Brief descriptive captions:

*** Begin section ***

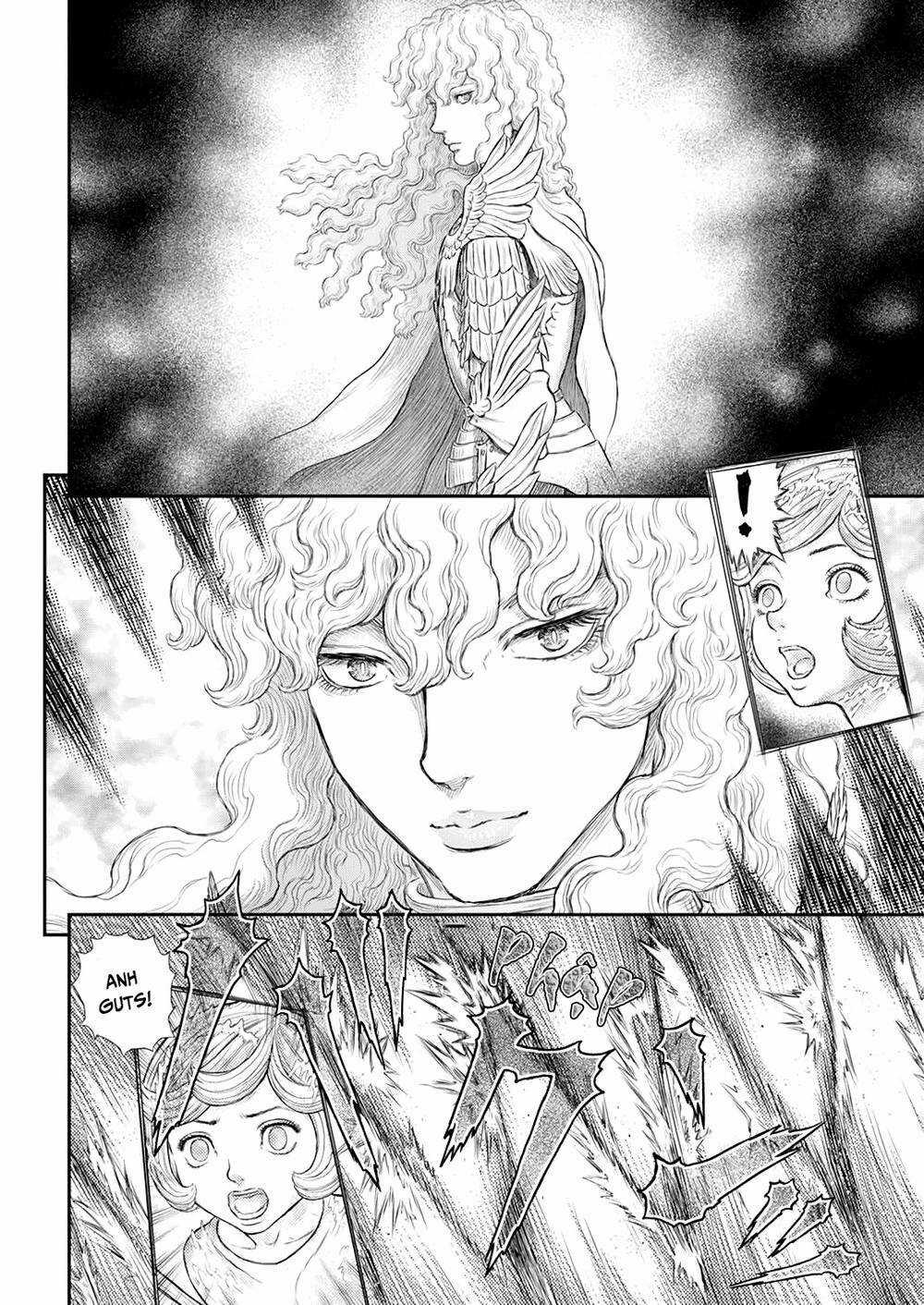 Berserk - Chapter 371 - Trang 5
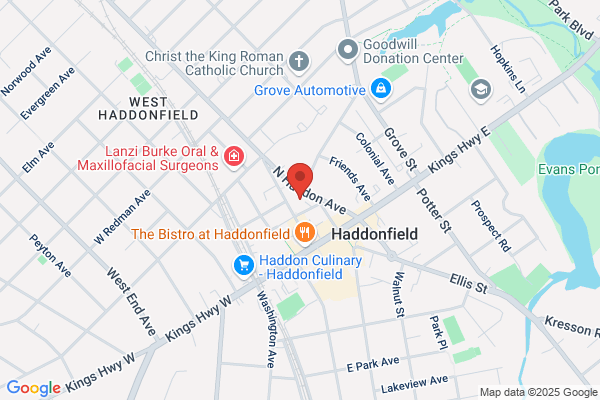 Haddonfield Chiropractic Health Center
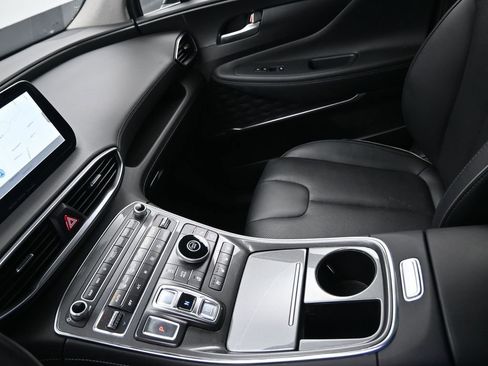 Certified 2022 Hyundai Santa Fe Limited image 20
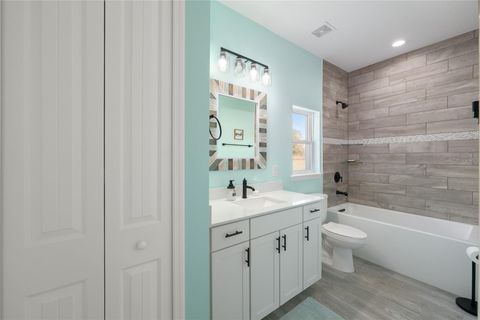 Tiny photo for 4821 Sunnyside Drive, Fruitland Park, FL 34731 (MLS # G5109466)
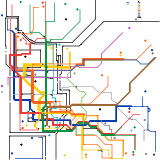 New York City (speculative)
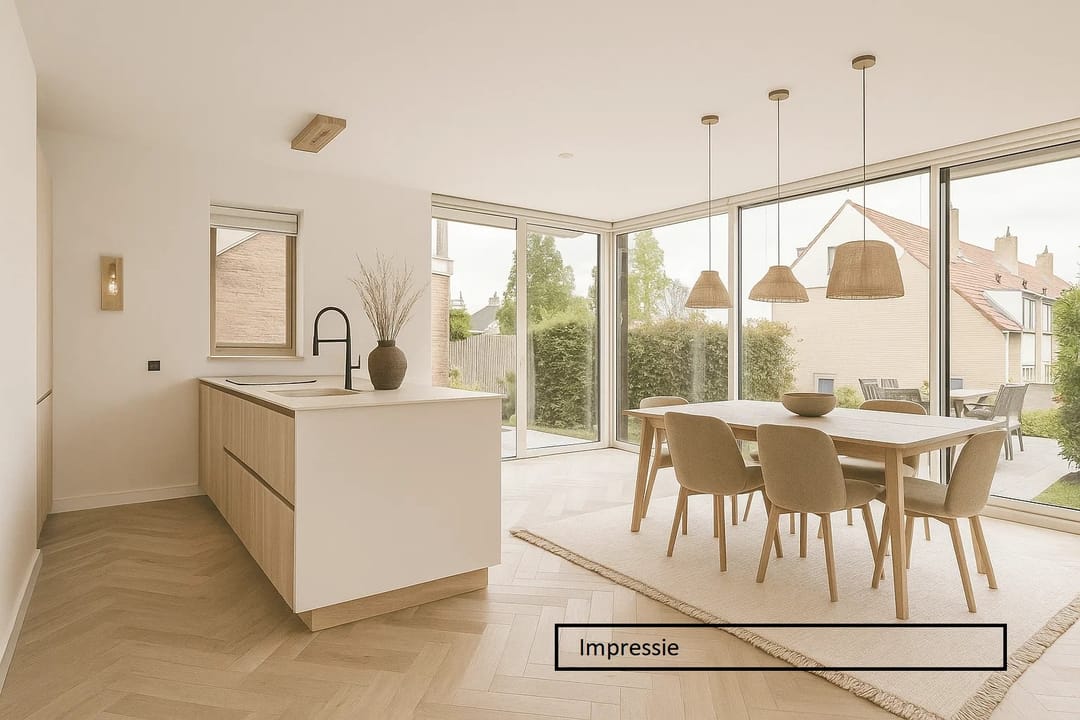 Photo 17 of De Warmoezerij 44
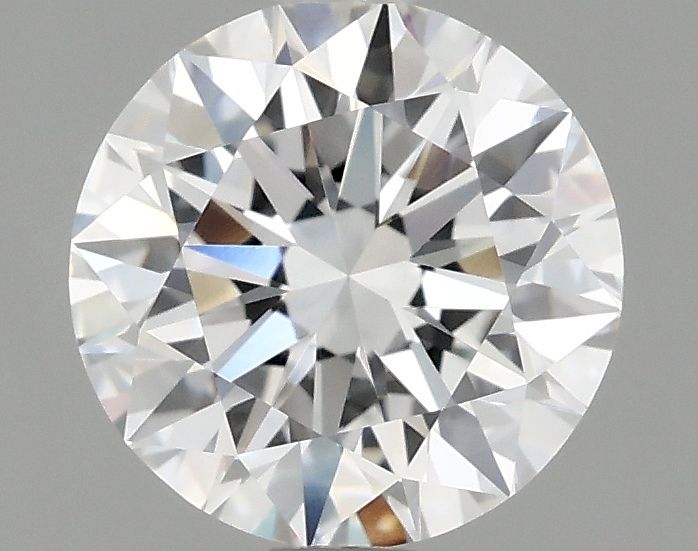 Lab Grown Diamond 1,48Ct D-VVS2 Round - IGILG776607891 1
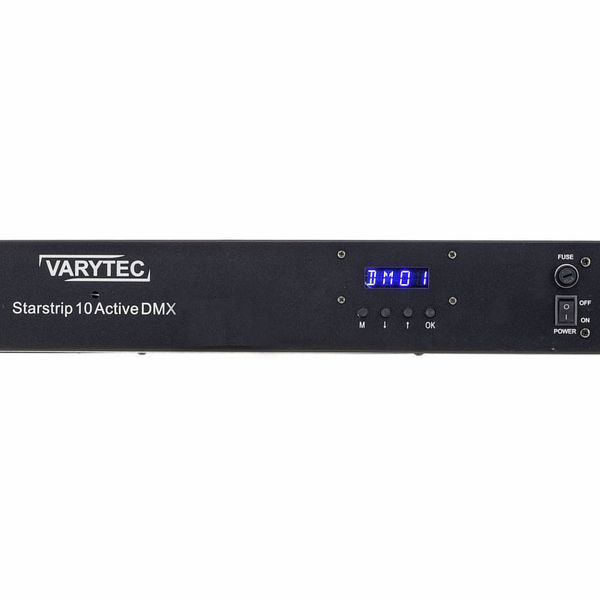 Varytec Starstrip 10 Active DMX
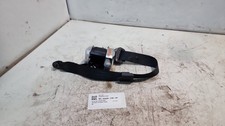 Kia rio seat belt - rio, assembly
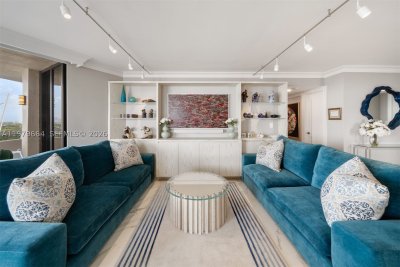 Comprar apartamento en Towers of Quayside 2 PH2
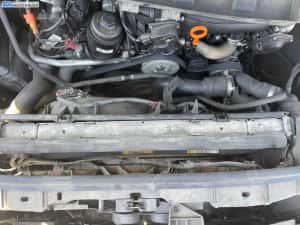 Radiator Apa Antigel Porsche Cayenne 3.0 TDI 2002 - 2010 Cod 7L6121253B [C6400] — miniatura 5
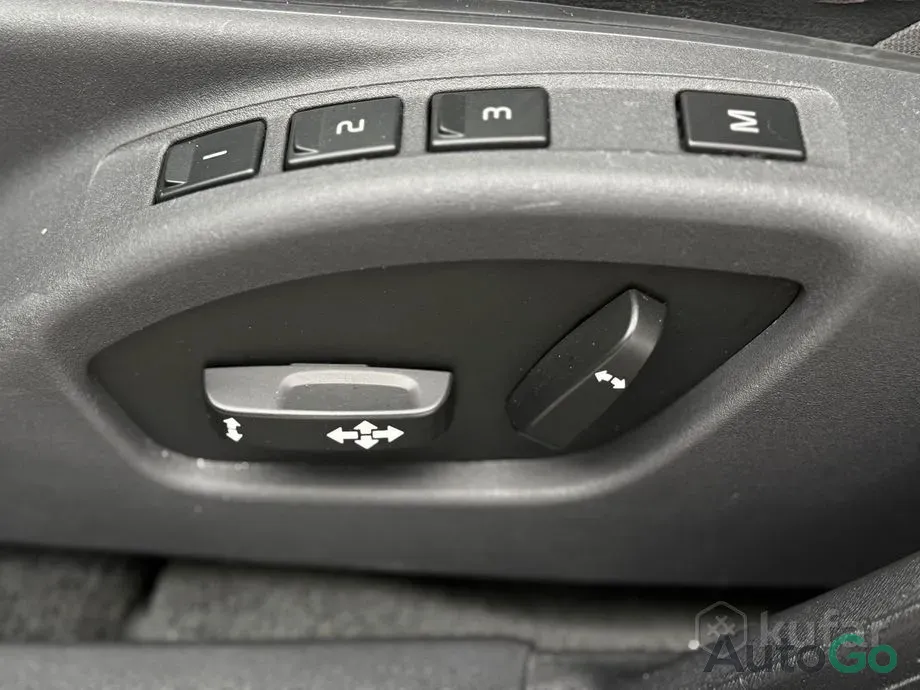 Продажа Volvo V60 I Рестайлинг, 2013 г., Лида Лида - изображение 10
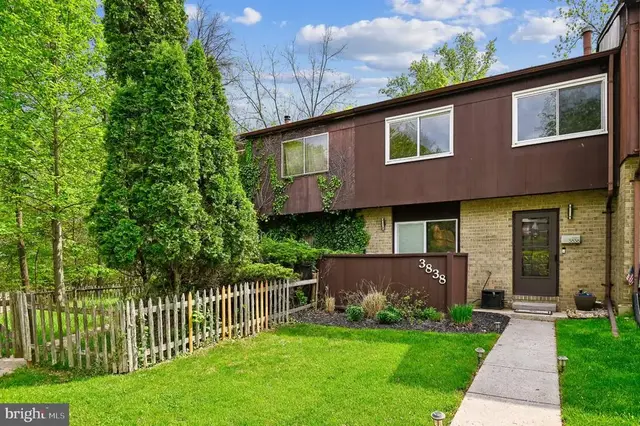 3838 Twin Lakes Ct, Baltimore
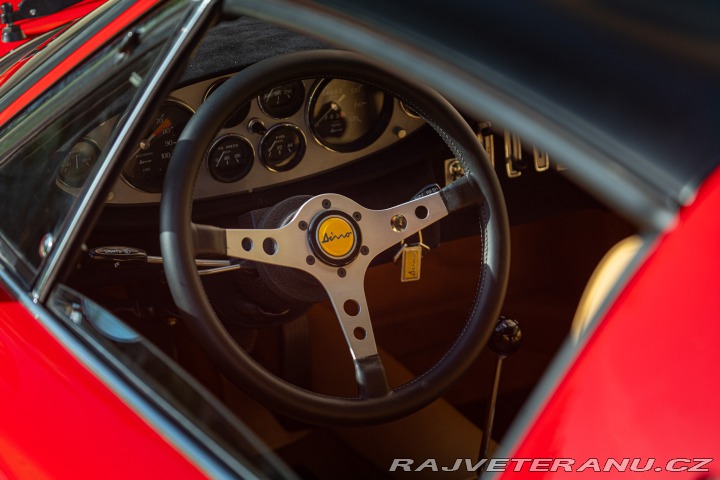 Ferrari Dino 1973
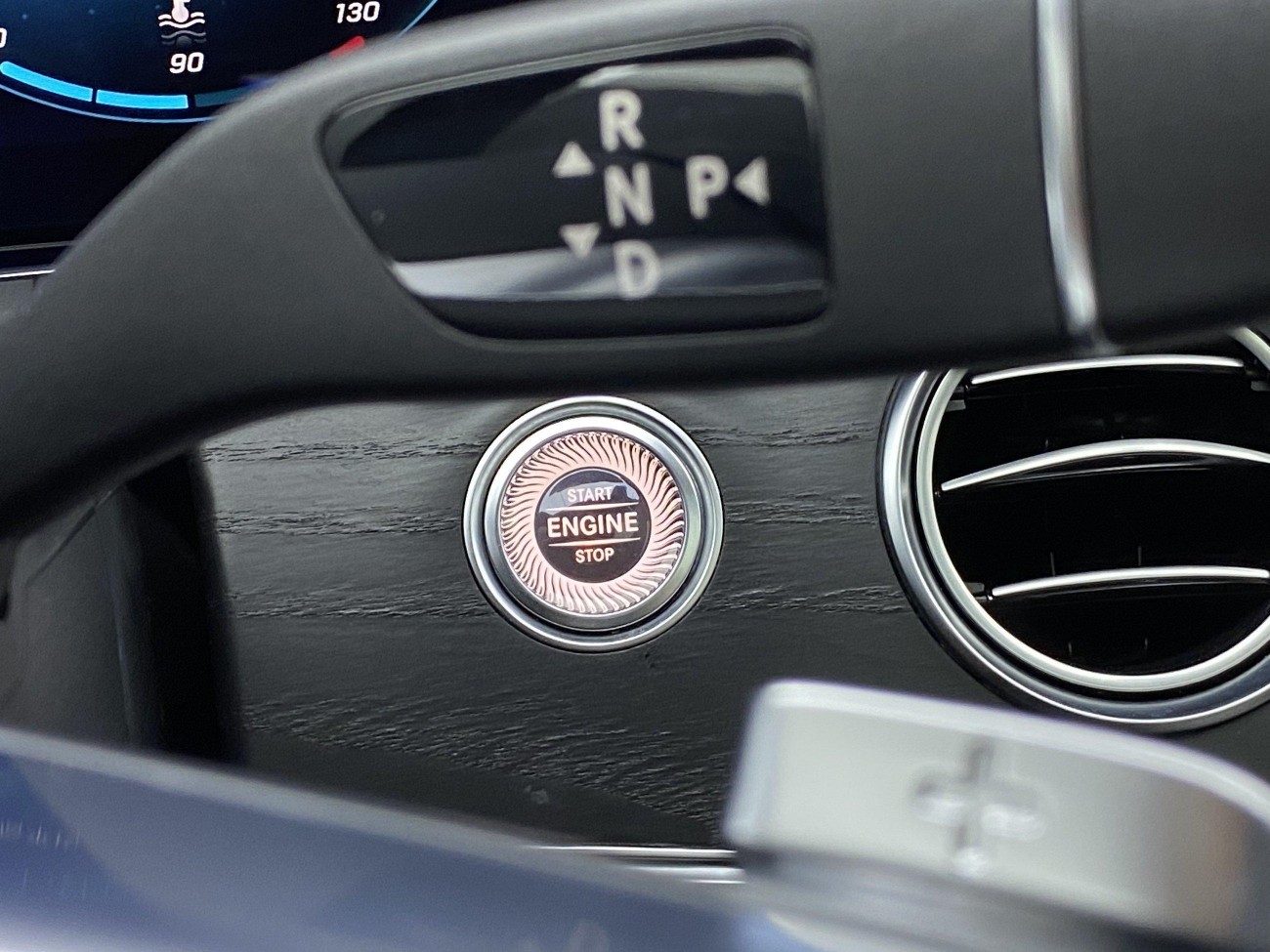 Mercedes-Benz E 300 L 2020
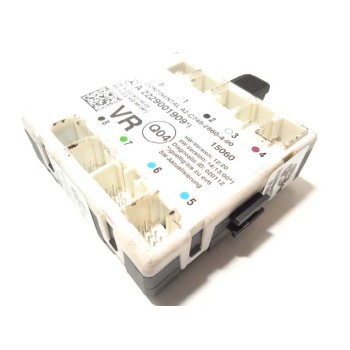 Recambio de centralita confort para mercedes-benz clase c (w205) lim. c 220 cdi bluetec (205.004) referencia OEM IAM A2229001909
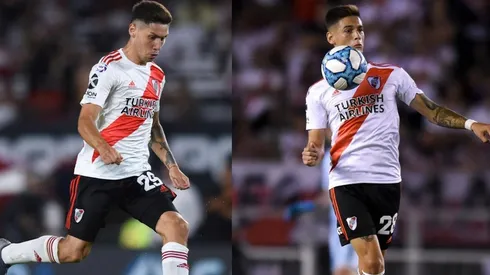 A Cachete lo buscan también de Inglaterra, y al Chino desde Italia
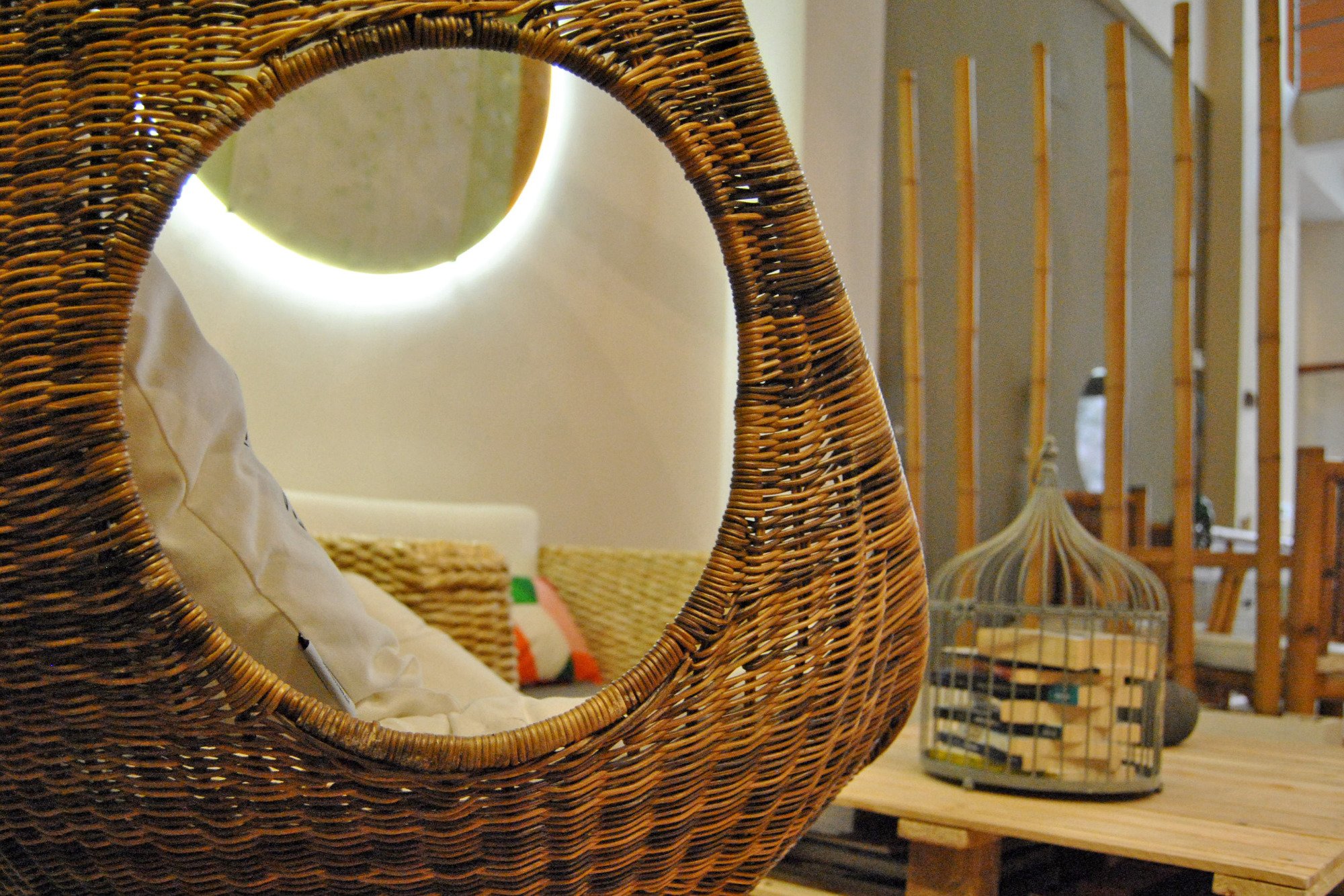 Bellver Bedrooms-官方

*** End section ***

Transcribe, word for word, the line holding "Mercedes-Benz E 300 L 2020" and all lines after it in the entries above, ending with the last. Only those lines; no pictures.

◆ **ANSWER BOX**
 Mercedes-Benz E 300 L 2020
 Recambio de centralita confort para mercedes-benz clase c (w205) lim. c 220 cdi bluetec (205.004) referencia OEM IAM A2229001909
 A Cachete lo buscan también de Inglaterra, y al Chino desde Italia
 Bellver Bedrooms-官方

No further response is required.